Invalidità Civile

Invalidità Civile: la pensione di inabilità è una prestazione economica che viene erogata su richiesta ai lavoratori per i quali viene accertata l’impossibilità di svolgere una qualsiasi attività lavorativa.

Quando parliamo di invalidità civile a quali situazioni ci riferiamo? Per mutilati e invalidi civili si fa riferimento ai cittadini affetti da minorazioni, sia congenite che acquisite, anche a carattere progressivo, a causa delle quali un terzo (o più) della loro capacità lavorativa è stata permanentemente ridotta in misura non inferiore a un terzo.

Inoltre, rientrano in tale categoria anche i minori di anni 18 che hanno difficoltà persistenti nello svolgere i compiti caratteristici della loro età.

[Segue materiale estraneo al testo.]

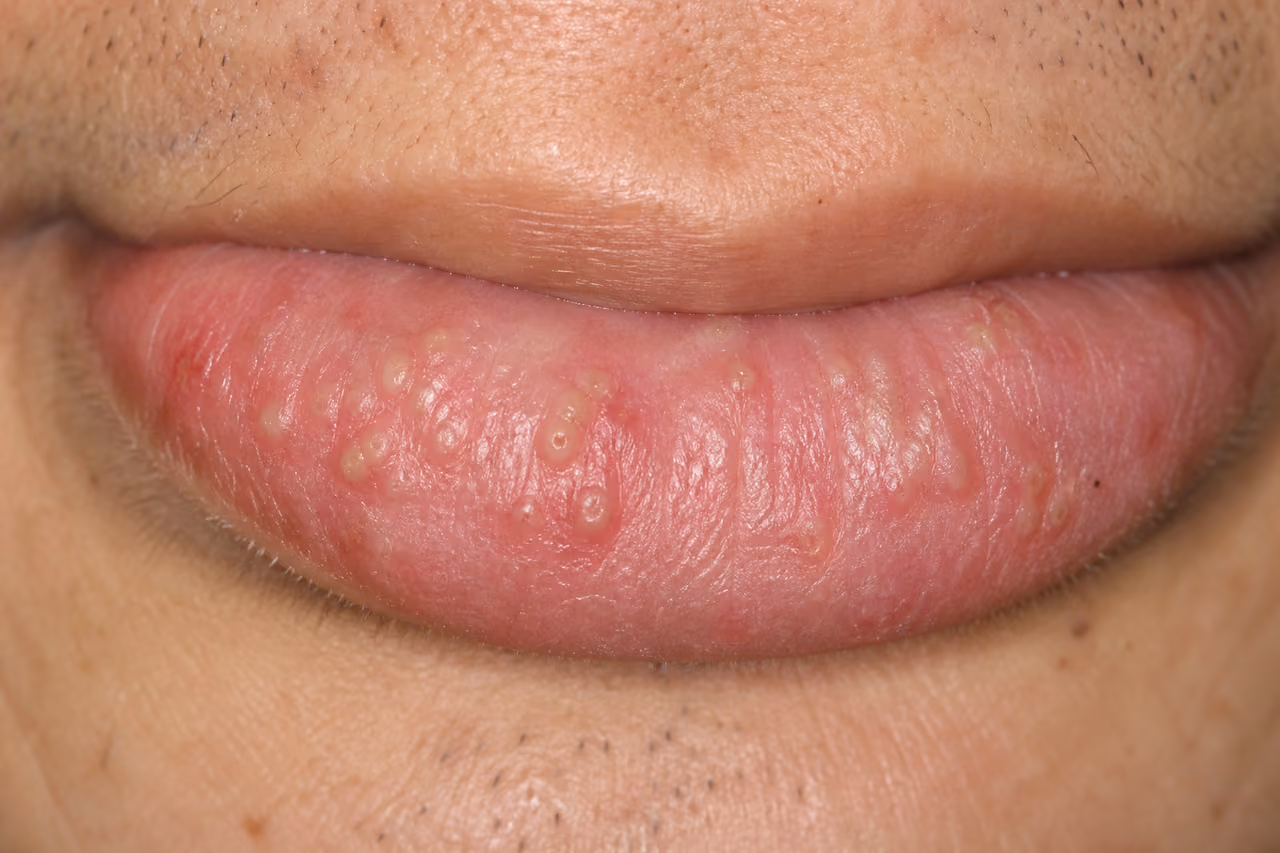 Close-Up of Lower Lip Showing Cheilitis Glandularis Symptoms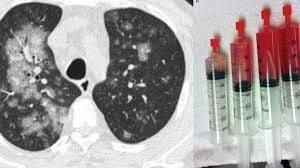 Xuất huyết phế nang lan tỏa là gì? Những vấn đề cần biết về bệnh xuất huyết phế nang lan tỏa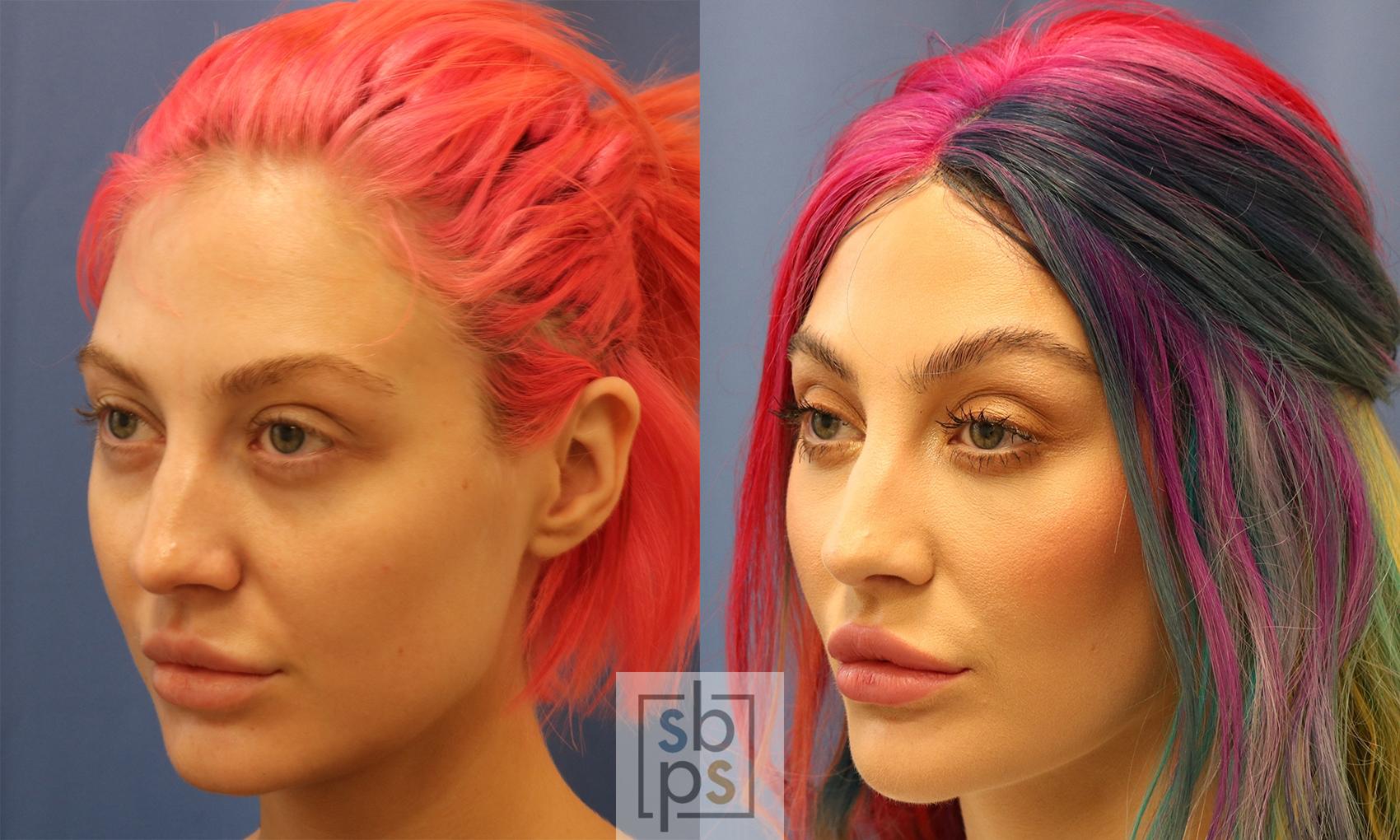 Before & After Dermal Fillers Case 425 Left Oblique View in Torrance & Los Angeles, CA, CA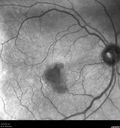 macular-heme-intraretinal_panad_102318_05.jpg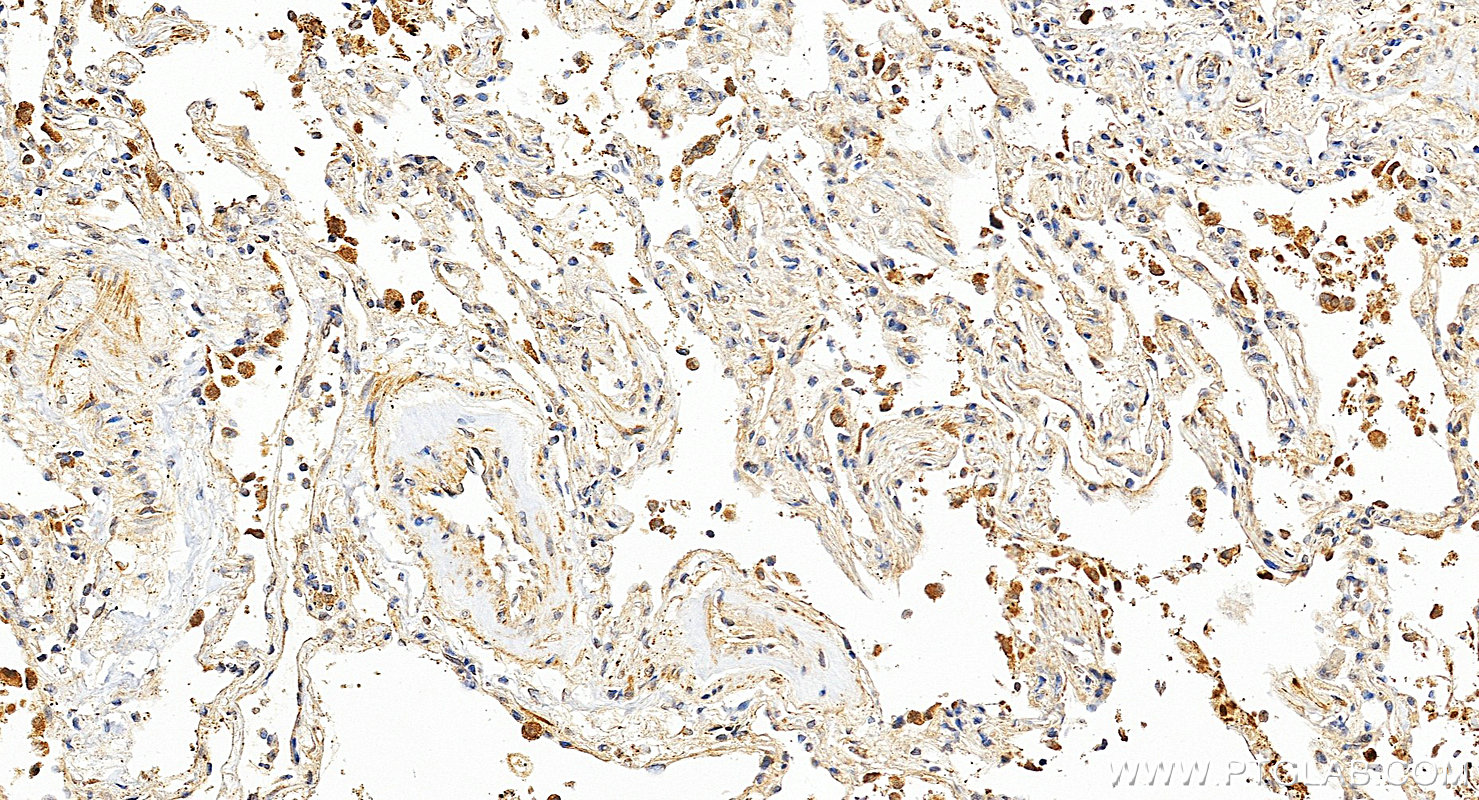 Immunohistochemistry (IHC) staining of human lung cancer tissue using p63 Polyclonal antibody (12143-1-AP)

Per avere l’assistenza socio-sanitaria e la concessione dell’indennità di accompagnamento, il decreto legislativo 509 del 1988 considera mutilati e invalidi civili i maggiori di anni 65 che presentano difficoltà nello svolgere le funzioni tipiche della loro età.

Non fanno parte di tale categoria:

  • gli invalidi di guerra, del lavoro e per servizio;
  • i ciechi e i sordomuti.

Per avere un dettaglio delle singole categorie, consulta l’allegato.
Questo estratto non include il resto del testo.